Image-text web data
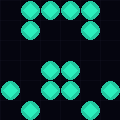 94.136.47.3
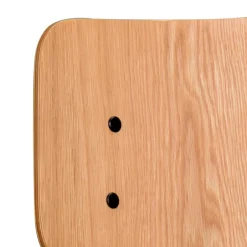 Pharao24 Esszimmer Stühle Riumana><noscript><img width=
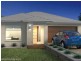 Spring Farm NSW 2570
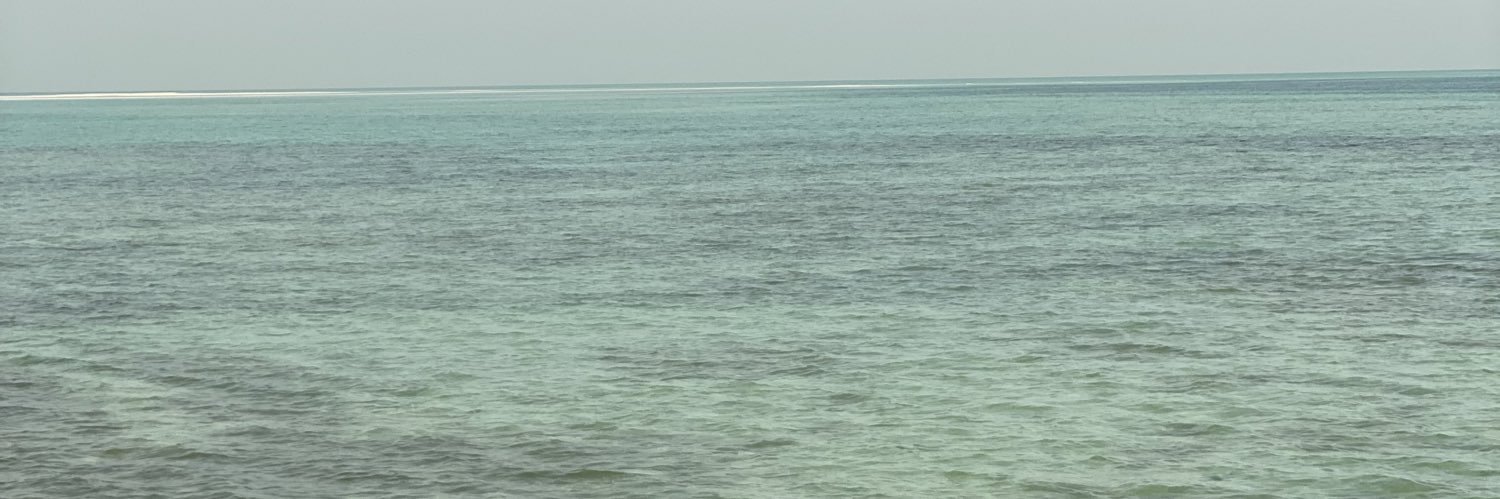 AnBi2mak's profile banner image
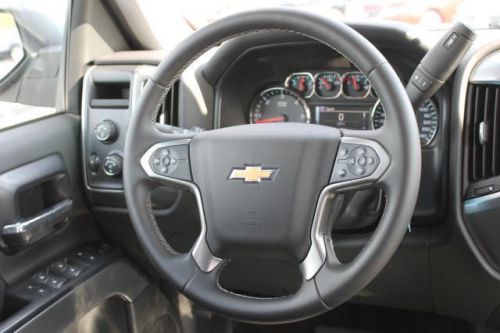 2014 Chevrolet Silverado 1500 1LT, US $35,995.00, image 3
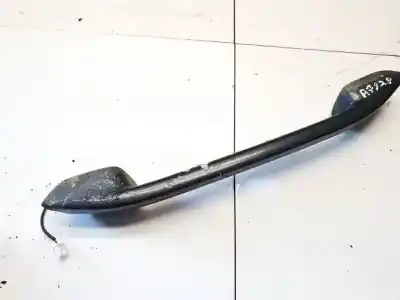 Second-hand car spare part plastics for fiat stilo (192) 1.9 jtd / 1.9 jtd 115 active oem iam references b9332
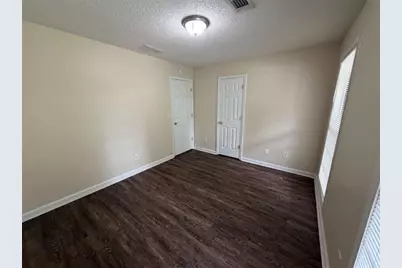 211 Ravenwood Court, Bethlehem, GA 30620 - Photo 11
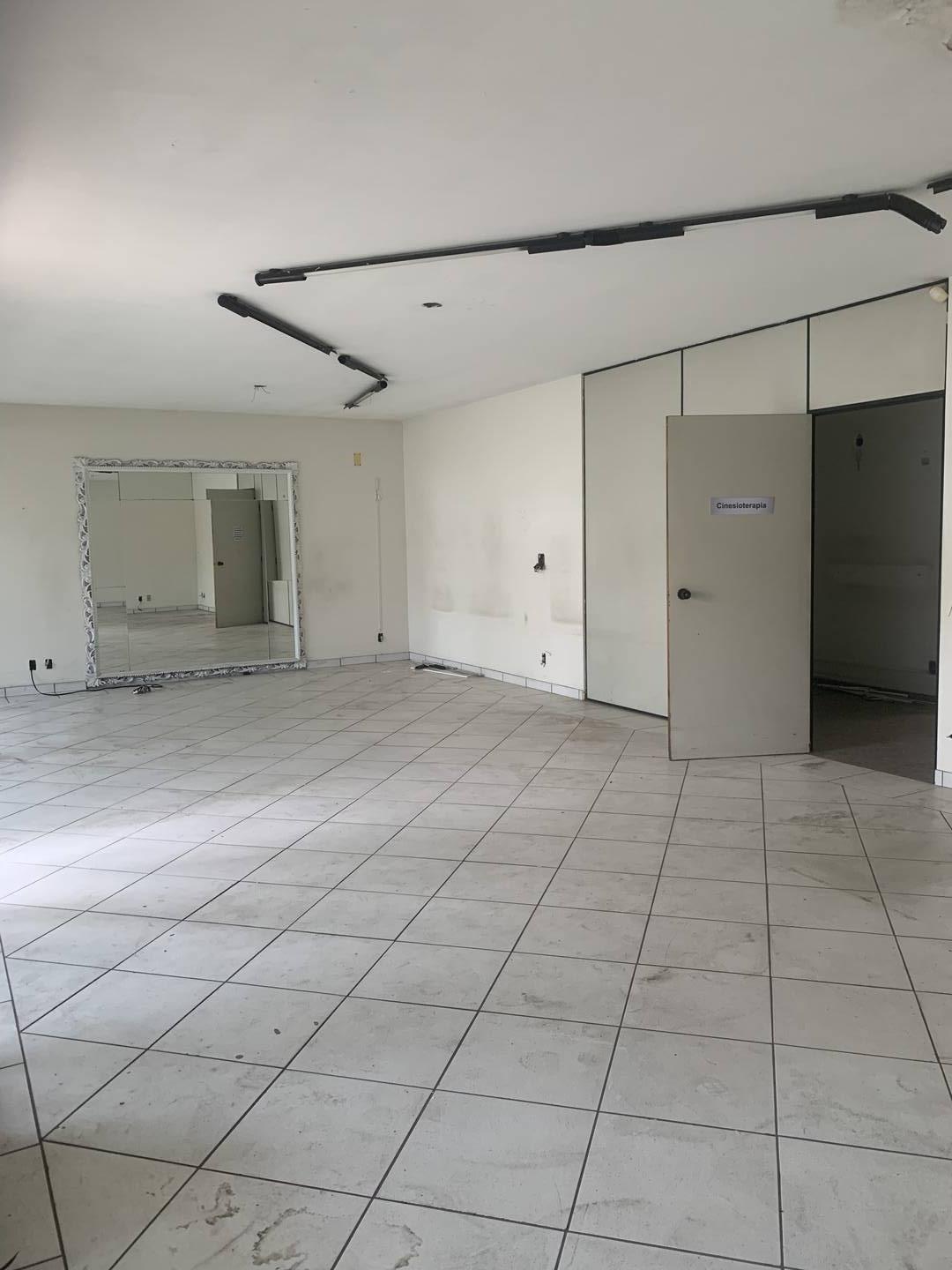 Loja-Salão para alugar, 640m² - Foto 35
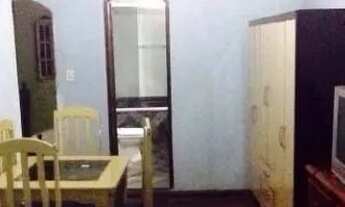 Imagem 4: Quartos Mobiliados em Macae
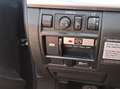 Subaru Legacy Kombi 2.0D Comfort Bleu - thumbnail 4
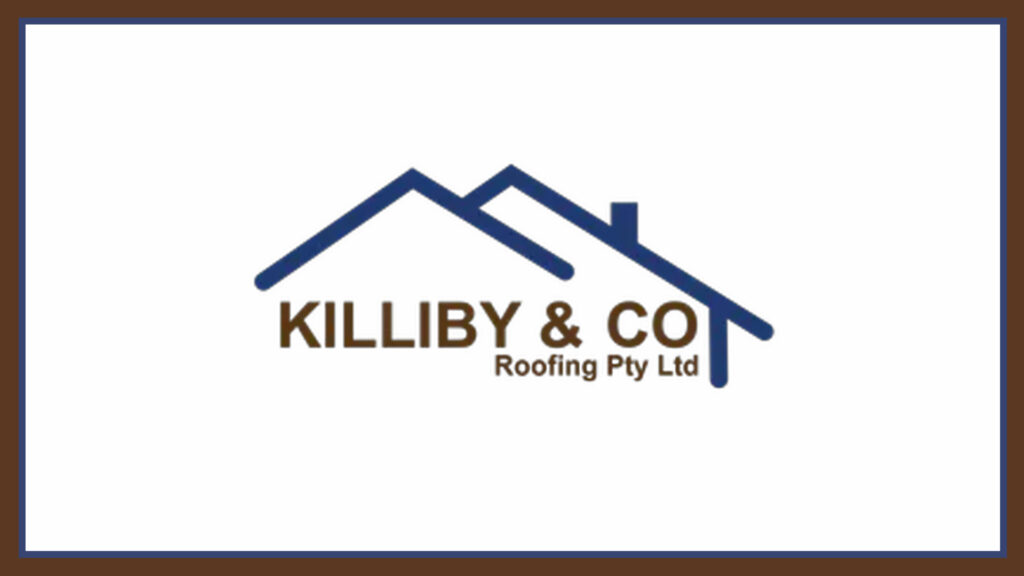 killiby-co-roofing-pty-ltd-logo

- [Task goal] Please return, exactly and with pictures omitted, the lines from the line holding "Imagem 4: Quartos Mobiliados em Macae" through the end of the data above, inclusive.

- [Worked solution]
 Imagem 4: Quartos Mobiliados em Macae
 Subaru Legacy Kombi 2.0D Comfort Bleu - thumbnail 4
 killiby-co-roofing-pty-ltd-logo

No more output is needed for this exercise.